## [WORK TO COMPLETE]
Transcribe all of the records word for word, please, omitting the pictures.

---

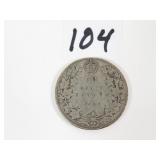 1929 Canadian Silver Dollar Coin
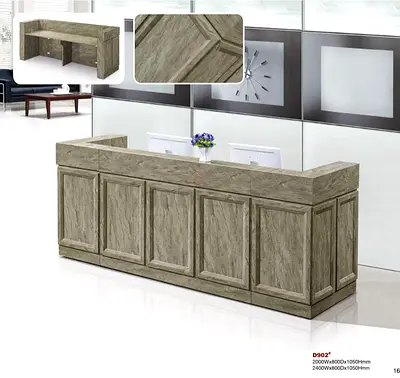 Elegant Reception Counter with Modern Design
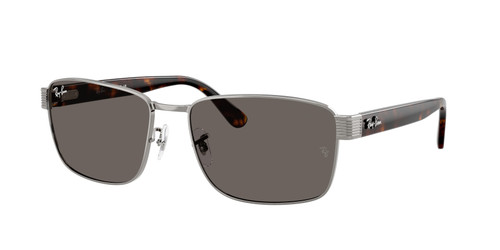 RAY BAN RB3750 004 B1 Gunmetal Grey Unisex 59 mm Sunglasses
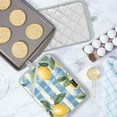 thumbnail image 5 of Yayeee Pot Holders Kitchen Heat Resistant with Pocket 7"x9.8" Cotton Oven Cooking Hot Pads, Retro Lemon Leaves, 5 of 7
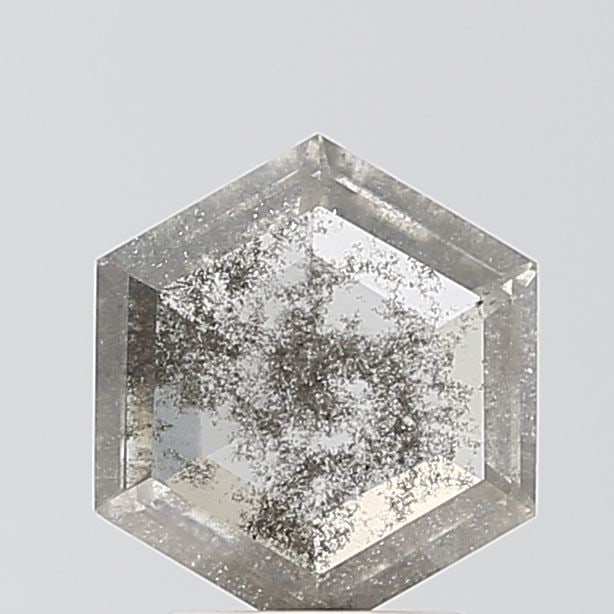 Loose Diamond - HEXAGONAL 1.45ct Salt and Pepper I2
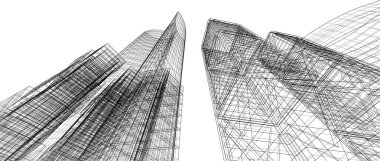 çizgili mimari duvar kağıdı, dijital arkaplan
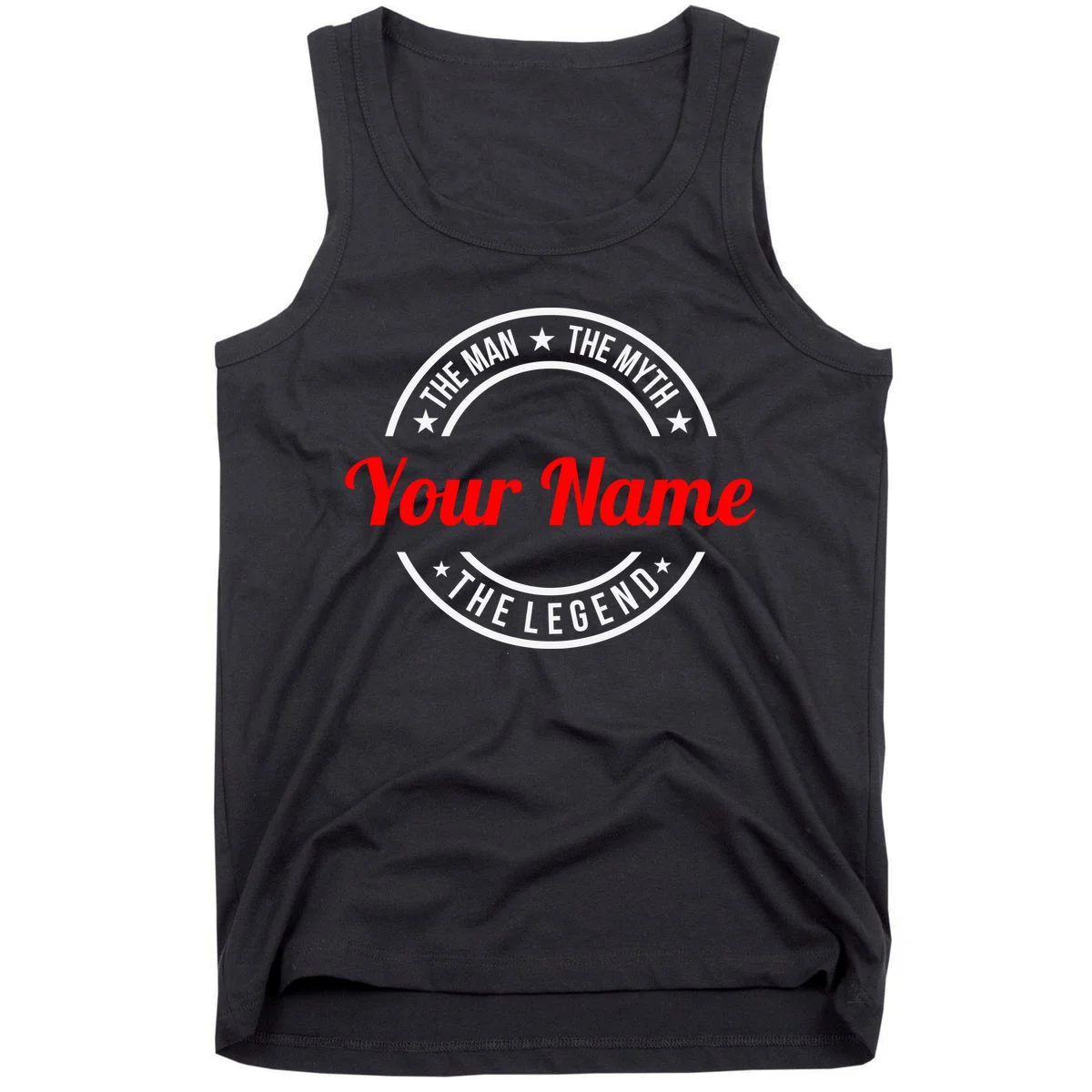 Your Name The Man The Myth The Legend Custom Personalized Gift Tank Top - Front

---

## [SOLUTION FOR THIS PROBLEM]
 1929 Canadian Silver Dollar Coin
 Elegant Reception Counter with Modern Design
 RAY BAN RB3750 004 B1 Gunmetal Grey Unisex 59 mm Sunglasses
 thumbnail image 5 of Yayeee Pot Holders Kitchen Heat Resistant with Pocket 7"x9.8" Cotton Oven Cooking Hot Pads, Retro Lemon Leaves, 5 of 7
 Loose Diamond - HEXAGONAL 1.45ct Salt and Pepper I2
 çizgili mimari duvar kağıdı, dijital arkaplan
 Your Name The Man The Myth The Legend Custom Personalized Gift Tank Top - Front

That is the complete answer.